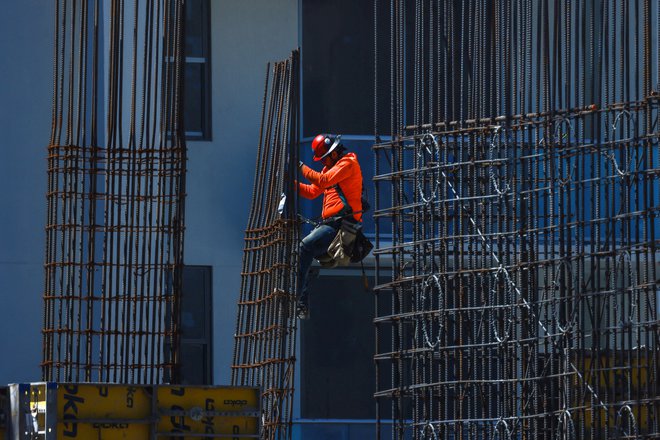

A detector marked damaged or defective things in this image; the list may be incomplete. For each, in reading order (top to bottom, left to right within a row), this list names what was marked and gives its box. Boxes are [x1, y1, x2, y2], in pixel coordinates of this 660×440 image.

rusty metal [43, 0, 188, 384]
rusty metal [231, 51, 300, 440]
rusty metal [376, 0, 660, 440]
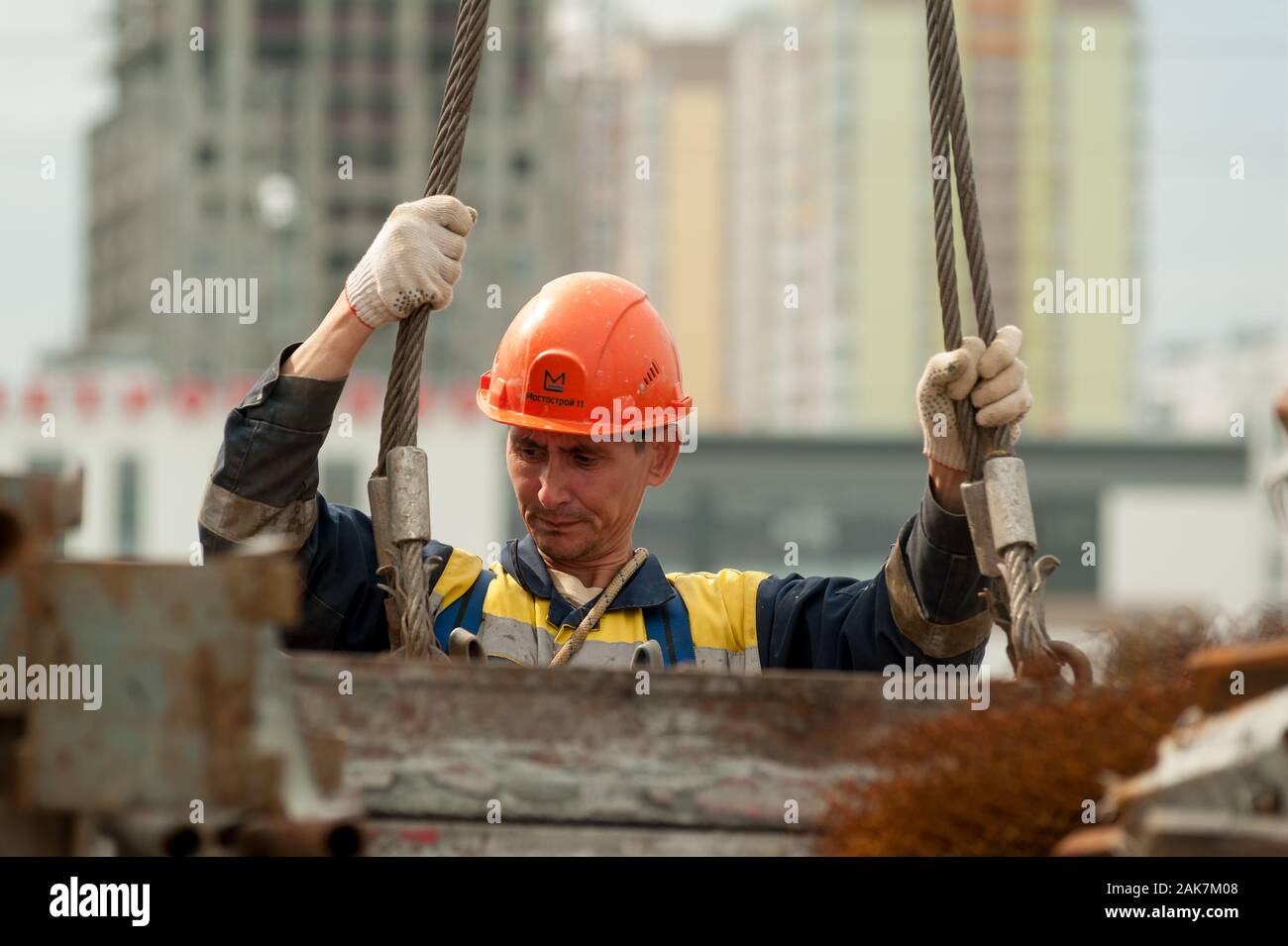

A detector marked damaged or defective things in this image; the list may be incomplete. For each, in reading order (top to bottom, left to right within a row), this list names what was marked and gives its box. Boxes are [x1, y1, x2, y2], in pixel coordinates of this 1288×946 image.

rusty metal surface [19, 556, 299, 813]
rusty metal surface [289, 659, 1035, 828]
rusty metal surface [363, 823, 808, 859]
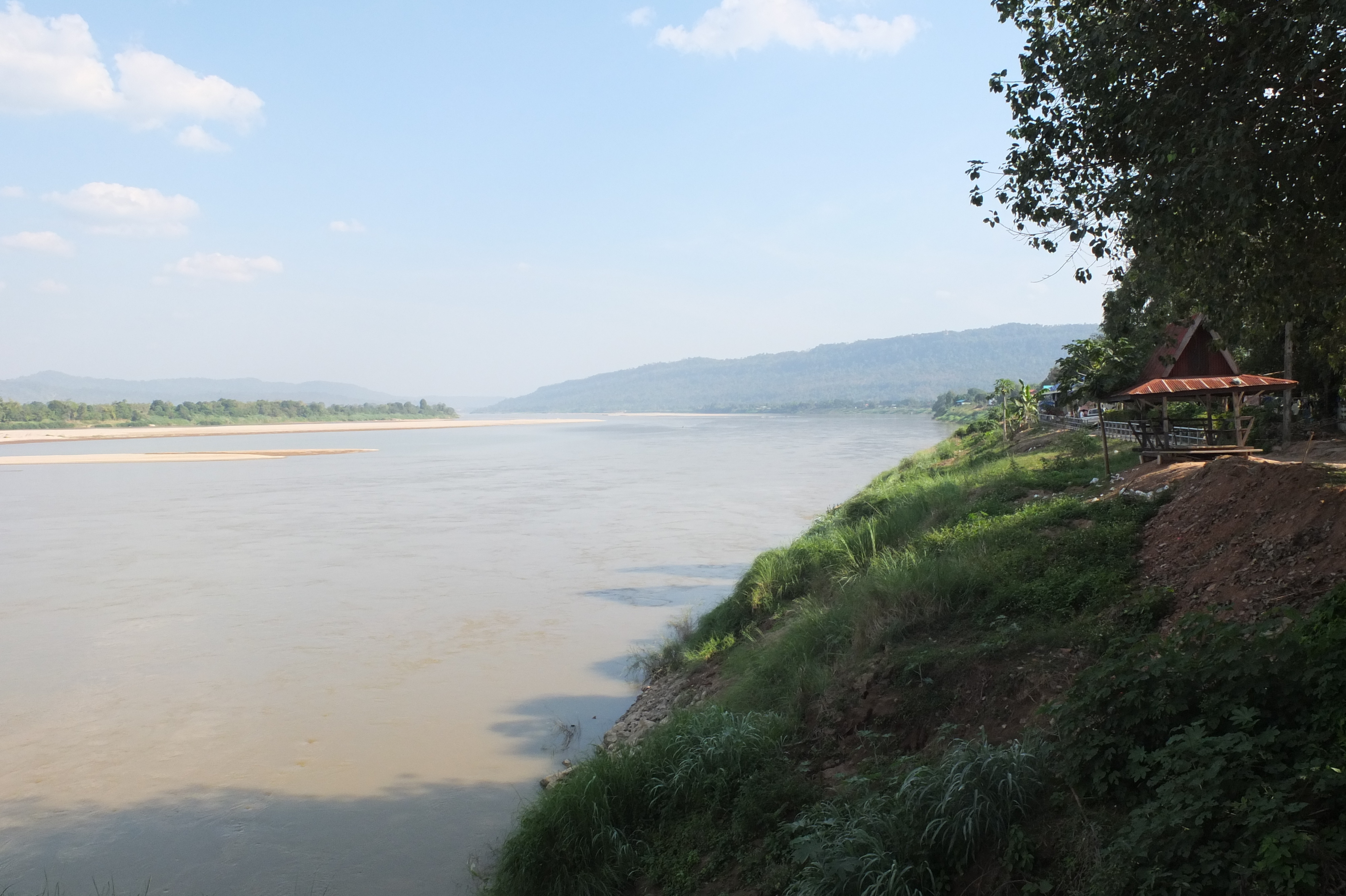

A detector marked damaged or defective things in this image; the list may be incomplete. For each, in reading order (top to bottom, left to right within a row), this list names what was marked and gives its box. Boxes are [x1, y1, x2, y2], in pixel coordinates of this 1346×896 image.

rusty metal roof [1109, 371, 1298, 398]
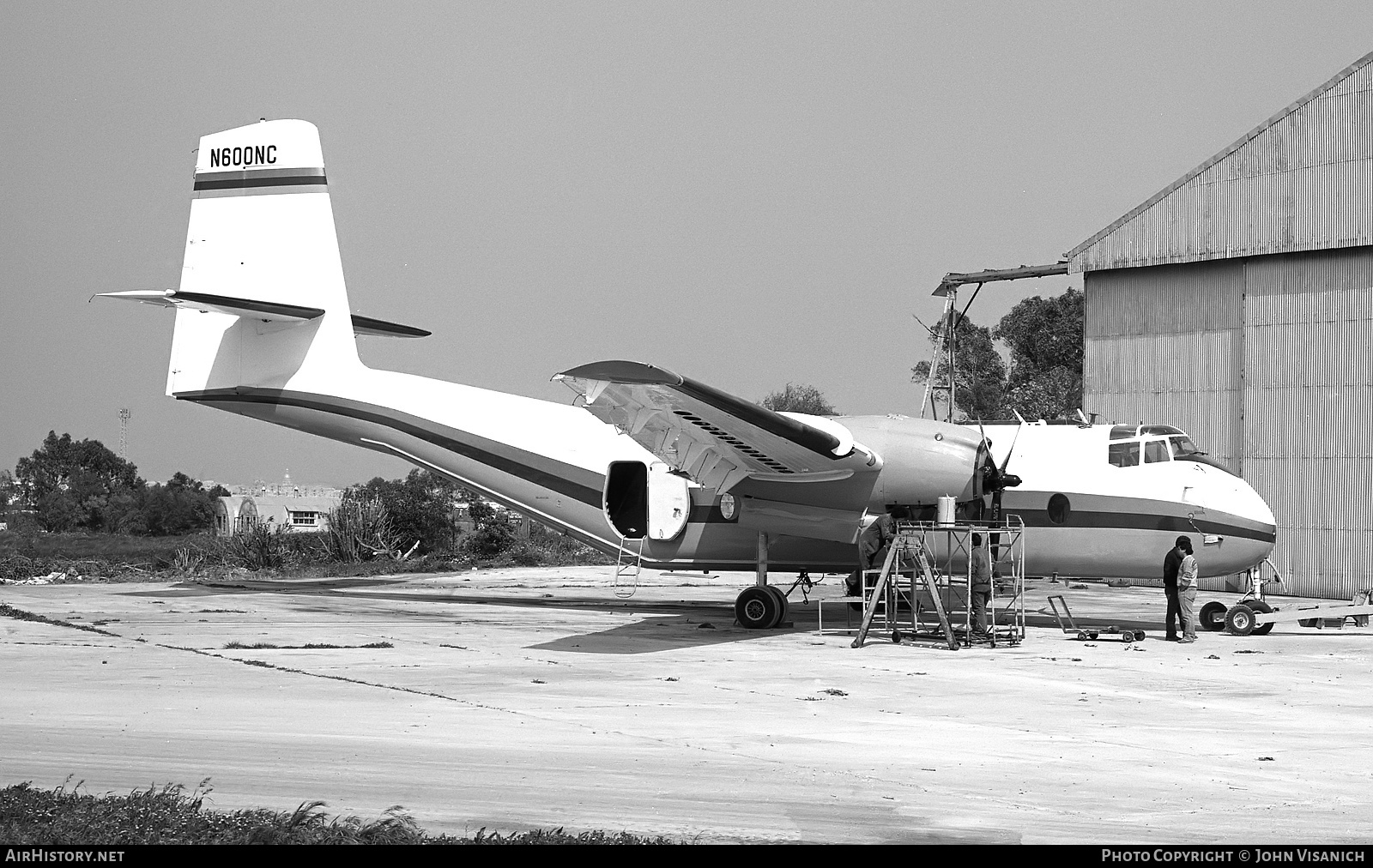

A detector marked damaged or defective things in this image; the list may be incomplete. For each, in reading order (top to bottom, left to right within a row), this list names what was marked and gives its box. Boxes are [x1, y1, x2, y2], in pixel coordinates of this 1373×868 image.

cracked concrete surface [3, 565, 1373, 846]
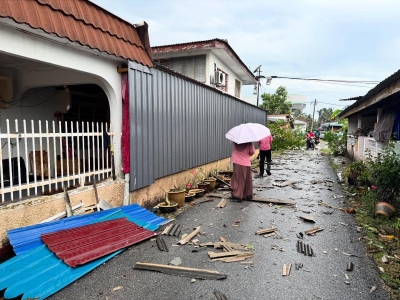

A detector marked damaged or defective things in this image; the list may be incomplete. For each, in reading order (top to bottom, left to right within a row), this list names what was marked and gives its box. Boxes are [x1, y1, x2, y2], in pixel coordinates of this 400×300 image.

broken plank [177, 226, 200, 245]
broken plank [134, 262, 227, 280]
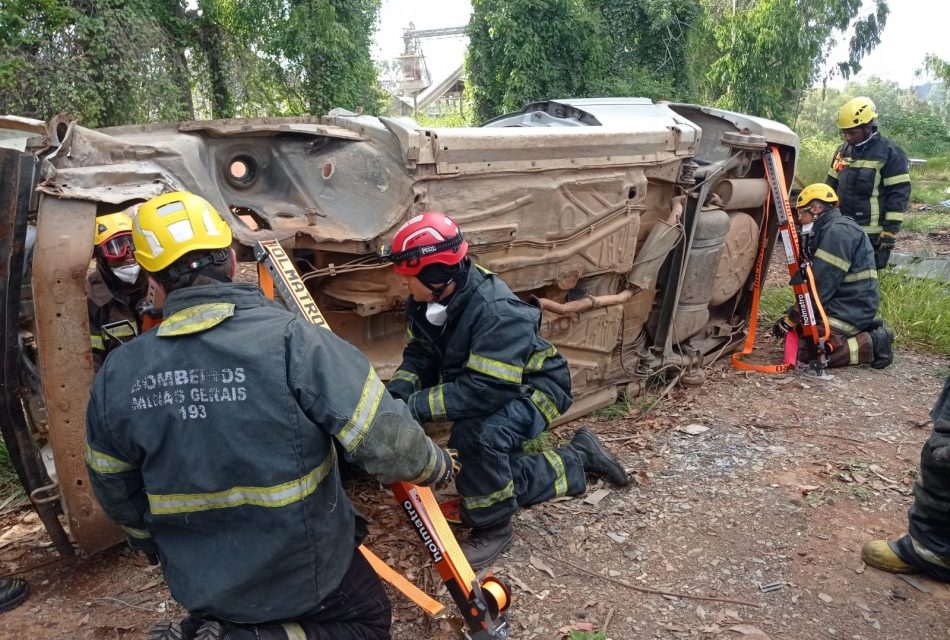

+---+

_What needs to be done:_ The copy you give must repeat each record character for character, but it must not include the pictures.

_Output for this exercise:_
A detector marked damaged or defective things in this image; the list may be incomplete. For each, in reading order (top to bottom, left to right within a row), this list names what was marked and gives its box. Boxes are [x1, y1, x2, y2], in pixel coordinates of this 660×440 image.

rusty metal [43, 0, 188, 384]
rusty metal [231, 51, 300, 440]
rusty metal [376, 0, 660, 440]

A detector marked damaged or defective things in this image; the list may be incomplete. For each, in reading order (top to bottom, left to right within a row), this list names what was marked and gives its box. Boxes are [x1, y1, x2, y2], in pixel coordinates of this 1288×946 image.

rusty metal surface [19, 556, 299, 813]
rusty metal surface [289, 659, 1035, 828]
rusty metal surface [363, 823, 808, 859]

A detector marked damaged or defective things in this image; the list may be incomplete. For each, in reading order (top to bottom, left to right within a row), this list names what was marked and gives its box. Boxes are [x1, y1, x2, y2], in pixel coordinates of this 1346×896 image.

rusty metal roof [1109, 371, 1298, 398]

A detector marked damaged or defective things in this image; the list may be incomplete. For each, in reading order (top to bottom, left to right within a row), this list names what was marked and gives its box. Boxes are [x1, y1, x2, y2], in pixel coordinates of this 1373×868 image.

cracked concrete surface [3, 565, 1373, 846]

A detector marked damaged or defective things in this image; the list may be incomplete. For each, in reading order (top to bottom, left to right within a row), this list names what was marked and gives its box. Boxes are [x1, y1, x2, y2], in pixel coordinates of this 400×300 image.

broken plank [177, 226, 200, 245]
broken plank [134, 262, 227, 280]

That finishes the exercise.